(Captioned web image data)
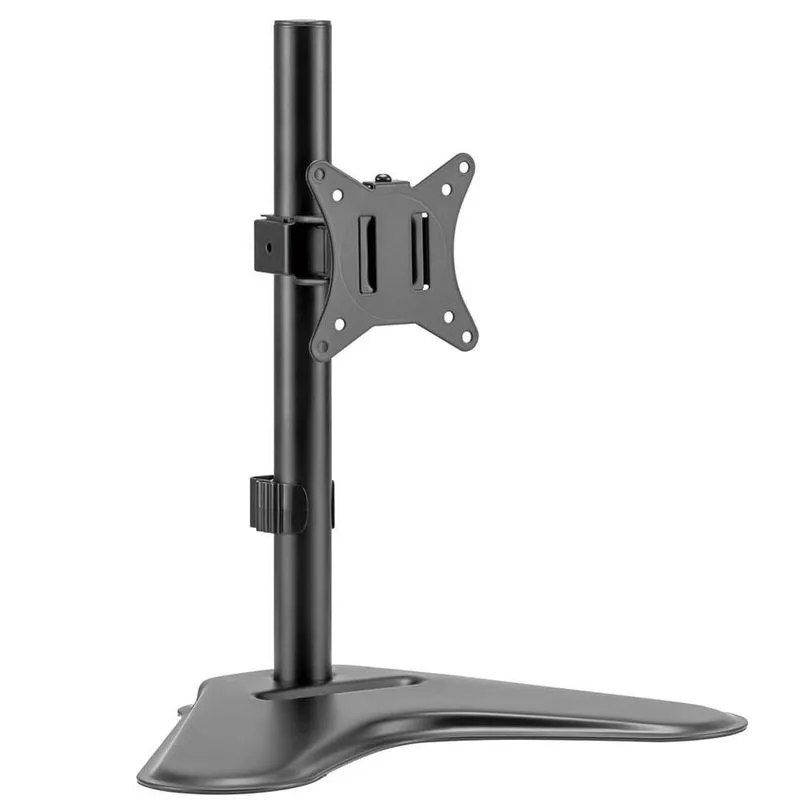 Suporte Para Monitor Indusat Sm-200i Aço Carbono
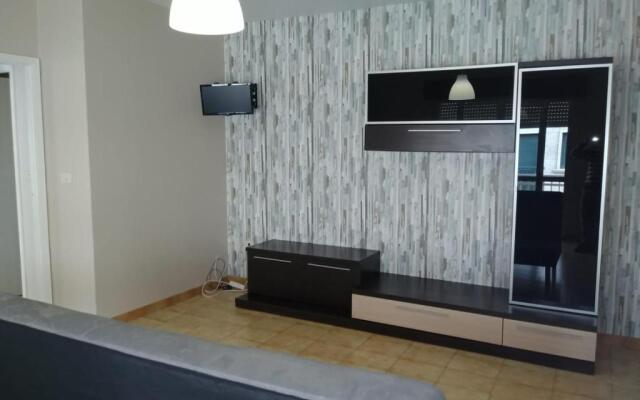 Apartamentos Casa Portela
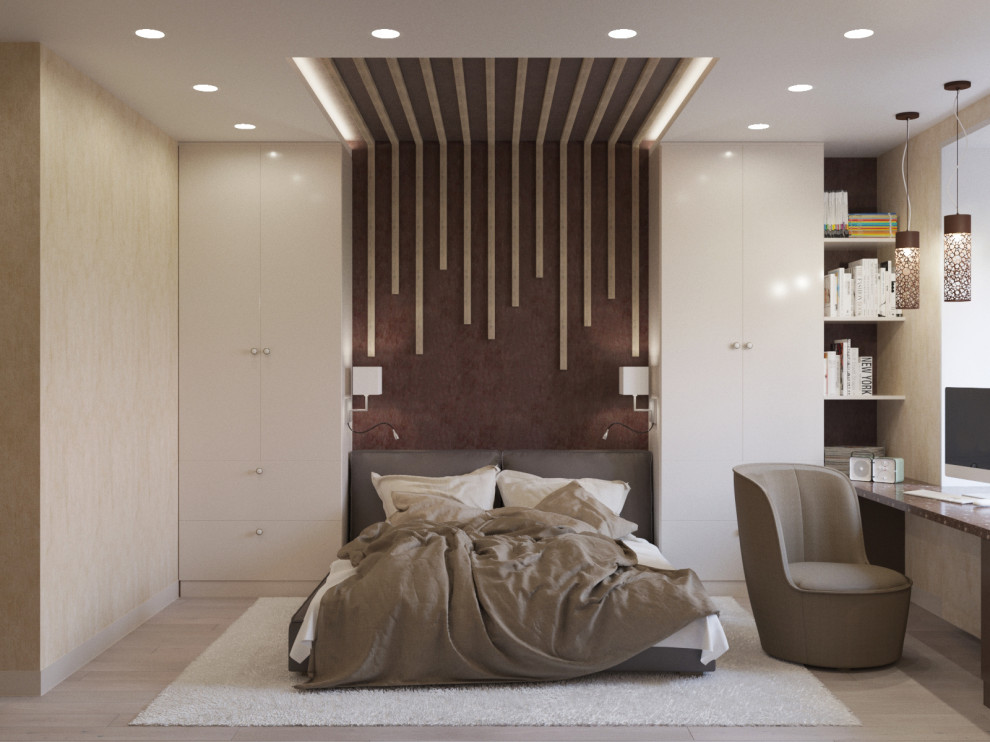 Квартира для молодой семьи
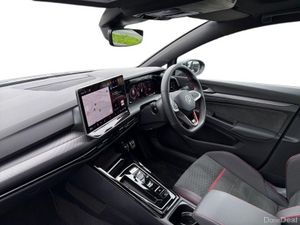 Volkswagen Golf GOLF GTI CLUBSPORT 2.0 TSI 300HP - Image 2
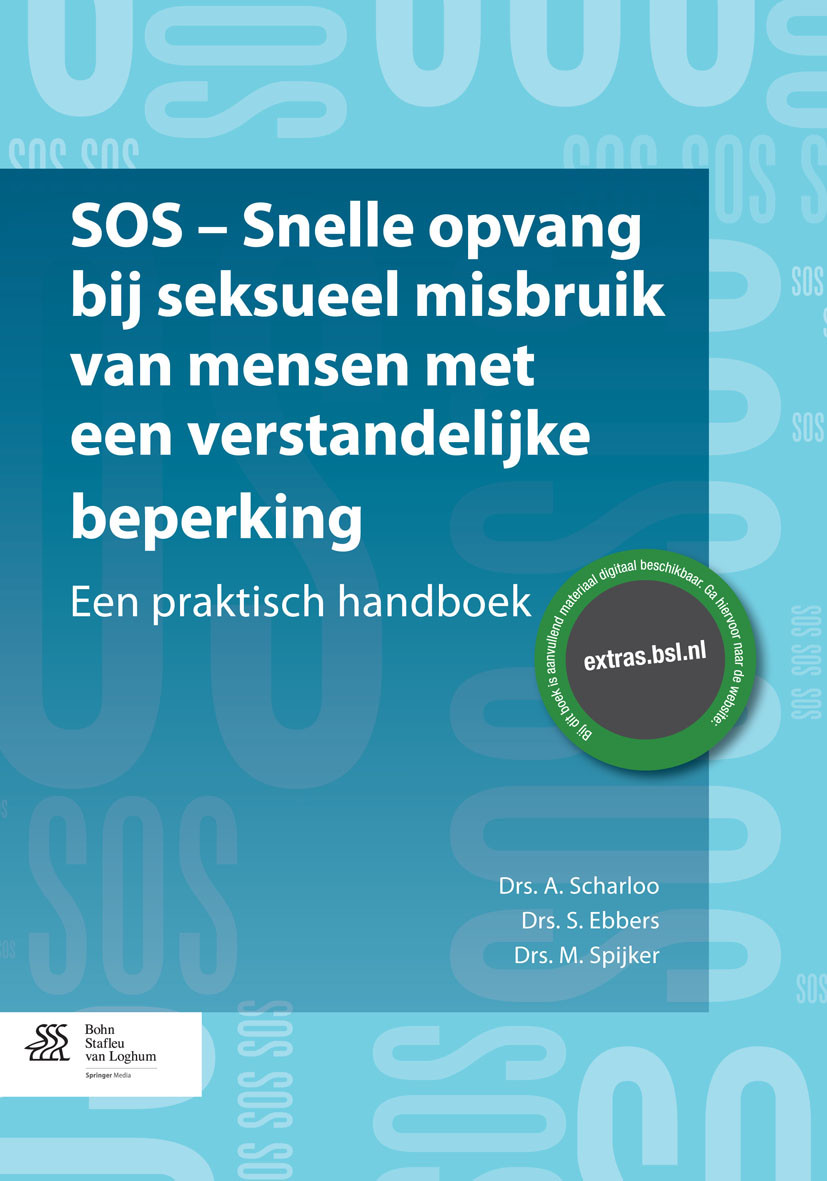 SOS - snelle opvang bij seksueel misbruik van mensen met een verstandelijke beperking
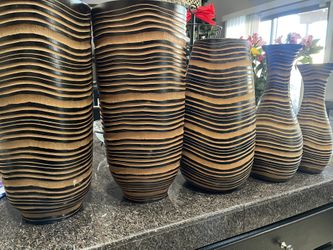 Flower Bases
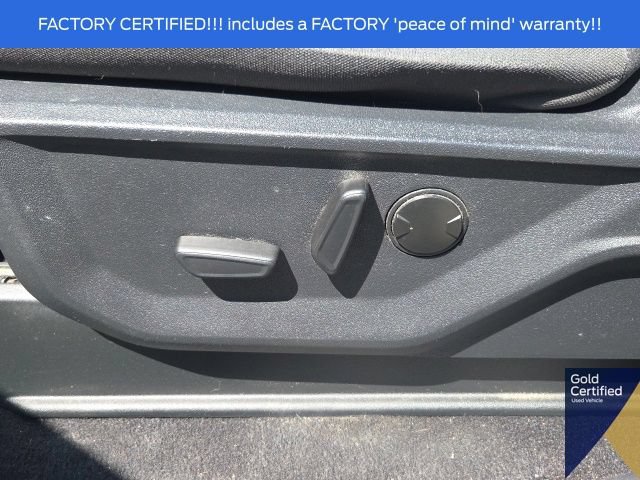 Certified 2023 Ford F150 XLT w/ Equipment Group 302A High AWD/4WD image 27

EXERCISE REQUIREMENTS: An exact restatement of every record is required. Omit the images.

FINAL ANSWER:
 Suporte Para Monitor Indusat Sm-200i Aço Carbono
 Apartamentos Casa Portela
 Квартира для молодой семьи
 Volkswagen Golf GOLF GTI CLUBSPORT 2.0 TSI 300HP - Image 2
 SOS - snelle opvang bij seksueel misbruik van mensen met een verstandelijke beperking
 Flower Bases
 Certified 2023 Ford F150 XLT w/ Equipment Group 302A High AWD/4WD image 27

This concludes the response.